Qinghe Wang1
Xiaoyu Shi2✉
Baolu Li1
Weikang Bian3
Quande Liu2
Huchuan Lu1
Xintao Wang2
Pengfei Wan2
Kun Gai2
Xu Jia1✉
1Dalian University of Technology
2Kling Team, Kuaishou Technology
3The Chinese University of Hong Kong
✉Corresponding author
Note: The open-source version is based on Wan2.1-T2V-1.3B and Wan2.1-T2V-14B.
- [2026.02.10]: Training and inference code, model checkpoints are available.
- [2026.01.26]: We win First Prize (🥇 1st Place) at the AAAI CVM 2026 Main Track.
- [2025.12.03]: Release the Project Page and the arXiv version.
MultiShotMaster is a controllable multi-shot narrative video generation framework that supports 1) text-driven inter-shot consistency, 2) variable shot counts and shot durations, 3) customized subject with motion control, and 4) background-driven customized scene.
- Codes & Models for Multi-Shot & Multi-Reference Generation
- Codes & Models for Multi-Shot Generation
Environment
- Create a conda environment and install dependencies:
git clone https://github.com/KlingTeam/MultiShotMaster
cd MultiShotMaster
conda create -n MultiShotMaster python=3.12 -y
conda activate MultiShotMaster
pip install -e .
pip install -r requirement.txt
pip install flash-attn --no-build-isolation
Model Checkpoints
- Download Checkpoints using huggingface-cli:
pip install "huggingface_hub[cli]"
huggingface-cli download KlingTeam/MultiShotMaster --local-dir checkpoints
# or using git:
git lfs install
git clone https://huggingface.co/KlingTeam/MultiShotMaster- Set the model paths in
checkpoints/model_configs.
Inference with a Single GPU
# 1.3B model support 480p only
python infer_multishot.py \
--test_csv_path "toy_cases/test_multishot.csv" \
--output_name "1.3B" \
--model_path_json "checkpoints/model_configs/model_path_1.3B.json" \
--target_width 832 \
--target_height 480
# 14B model supports 480p and 720p (we have trained on 480p and 720p data jointly)

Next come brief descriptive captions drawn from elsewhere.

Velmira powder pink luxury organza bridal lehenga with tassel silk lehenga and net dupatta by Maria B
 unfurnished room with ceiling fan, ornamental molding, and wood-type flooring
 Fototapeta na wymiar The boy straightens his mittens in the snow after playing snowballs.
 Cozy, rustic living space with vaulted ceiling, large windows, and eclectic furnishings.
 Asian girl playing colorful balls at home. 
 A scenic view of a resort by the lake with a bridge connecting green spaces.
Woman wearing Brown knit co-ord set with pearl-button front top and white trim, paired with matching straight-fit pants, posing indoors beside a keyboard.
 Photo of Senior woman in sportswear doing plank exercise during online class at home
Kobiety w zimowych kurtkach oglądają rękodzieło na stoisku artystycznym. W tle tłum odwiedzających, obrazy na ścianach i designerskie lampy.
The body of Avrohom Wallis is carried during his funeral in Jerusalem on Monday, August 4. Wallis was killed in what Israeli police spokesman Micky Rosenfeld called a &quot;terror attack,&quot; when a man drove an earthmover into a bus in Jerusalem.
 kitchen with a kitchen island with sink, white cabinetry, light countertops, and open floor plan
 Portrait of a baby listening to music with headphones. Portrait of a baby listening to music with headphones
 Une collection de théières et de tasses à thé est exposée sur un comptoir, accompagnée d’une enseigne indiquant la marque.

python infer_multishot.py \
--test_csv_path "toy_cases/test_multishot.csv" \
--output_name "14B_720" \
--model_path_json "checkpoints/model_configs/model_path_14B.json" \
--target_width 1280 \
--target_height 720
Inference with Multiple GPUs
CUDA_VISIBLE_DEVICES=0,1,2,3 torchrun --nproc_per_node=4 infer_multishot.py \
--test_csv_path "toy_cases/test_multishot.csv" \
--output_name "14B_720" \
--model_path_json "checkpoints/model_configs/model_path_14B.json" \
--target_width 1280 \
--target_height 720 \
--use_usp True
Hints for Shot Arrangement
- Taking
toy_cases/toy_captions/test_case_1.jsonas an example, users can define the subject's appearance, overall scene, and style using the global caption, and customize the content for each shot using per-shot captions." - Users can configure the frame count for each shot in the shot_groups field of
toy_cases/test_multishot.csv. (Note: Training setting is ≤5 shots & ≤308 frames)
Inference with Customized Multi-Shot Prompts (with Recaption)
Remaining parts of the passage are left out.